But ‘Standing Naked In Disgrace’ is not total crap either. The album sits uncomfortably in that decidedly vague and dithering locale called Average; it offers music that wedges itself firmly at the halfway mark between 1 and 10 and is unlikely to shift from its position unless the band undergoes some radical rethinking. The problem is that I’m not really sure what they want to sound like or what they want to achieve in musical terms. That kind of problem is fine if you are genuinely forging music that is ground-breaking and life-changing but this isn’t.

At the risk of stirring up a hornet’s nest the main problem rests firmly at the feet of Tom Weiss, the band’s songwriter and producer. His songwriting strives for an epic and melodic rock landscape but his musical ambition comes at a price; that price being a laboured song structure that demands a more critical objective eye and some serious pruning to shed the excess. Often songs overstate their melodies and ideas and outstay their welcome by at least half their running time. The near-permanent inclusion of the strummed acoustic guitar (that to these ears sounds flat and off-beat at times) is an irritating distraction. The most unfortunate sufferer is the drummer whose bass drum is often so lost in the mix he may as well have been finger-tapping on a Tupperware lid.

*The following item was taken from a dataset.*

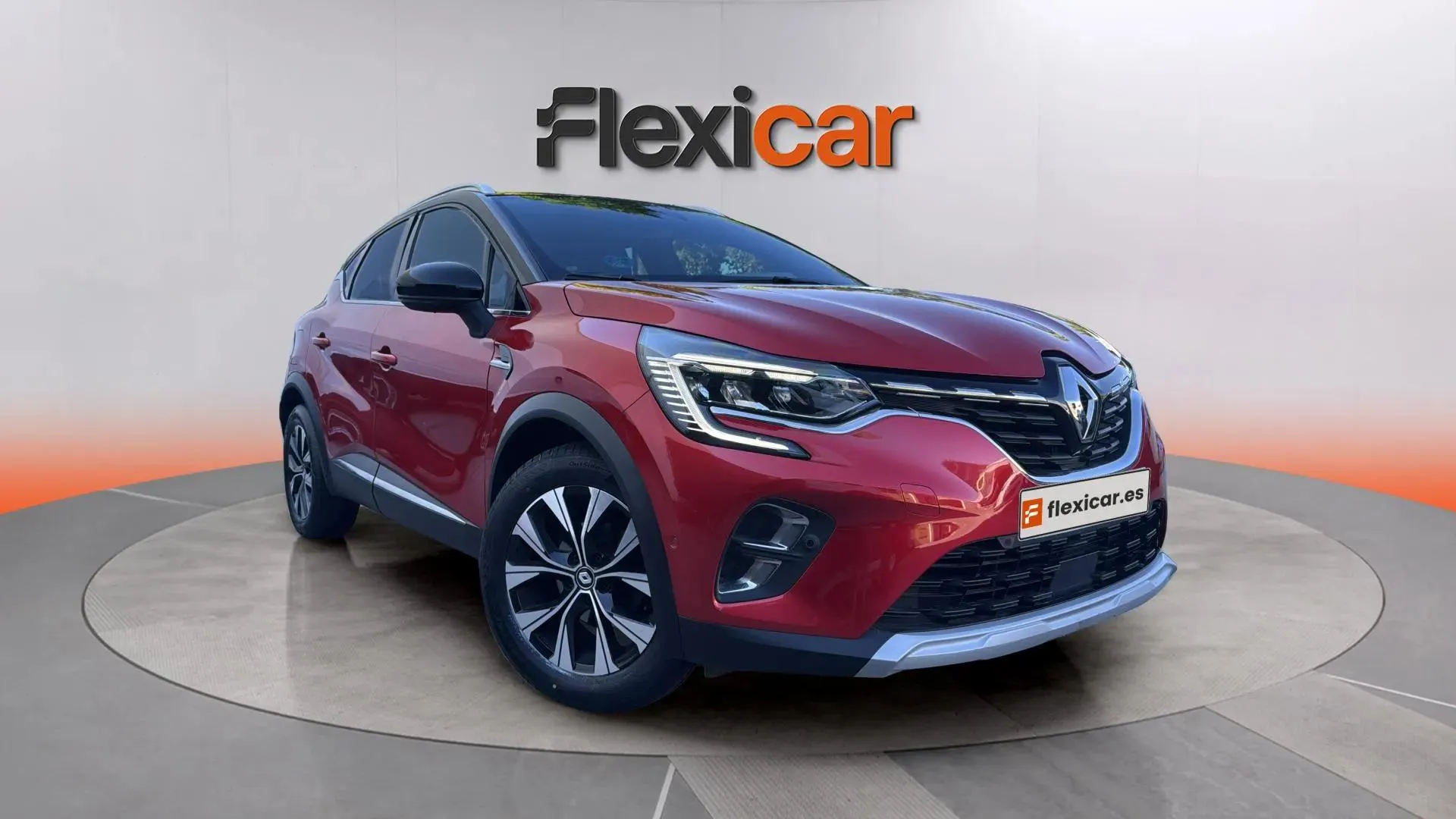 Renault Captur techno TCe 67kW (90CV)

The production is too amateurish for music that strives for this amount of melodic complexity. If The Unbelievers were making three-chord two minute psycho-punk heart-chargers then the production values would be more than enough. However, they’re attempting a mature brand of music that really needs a more experienced hand at the controls and a level of sophistication and panache in the delivery that can only come from hard work on the road.

Ultimately The Unbelievers sound like four talented musicians who can play as individuals but do not perform together as a unit. Their album lacks focus and direction but suggests an abundance of ideas that currently lack shape and discipline.

All in all their ambition needs more determined self-service or better still, an experienced and guiding hand from outside of the band to galvanise the talent.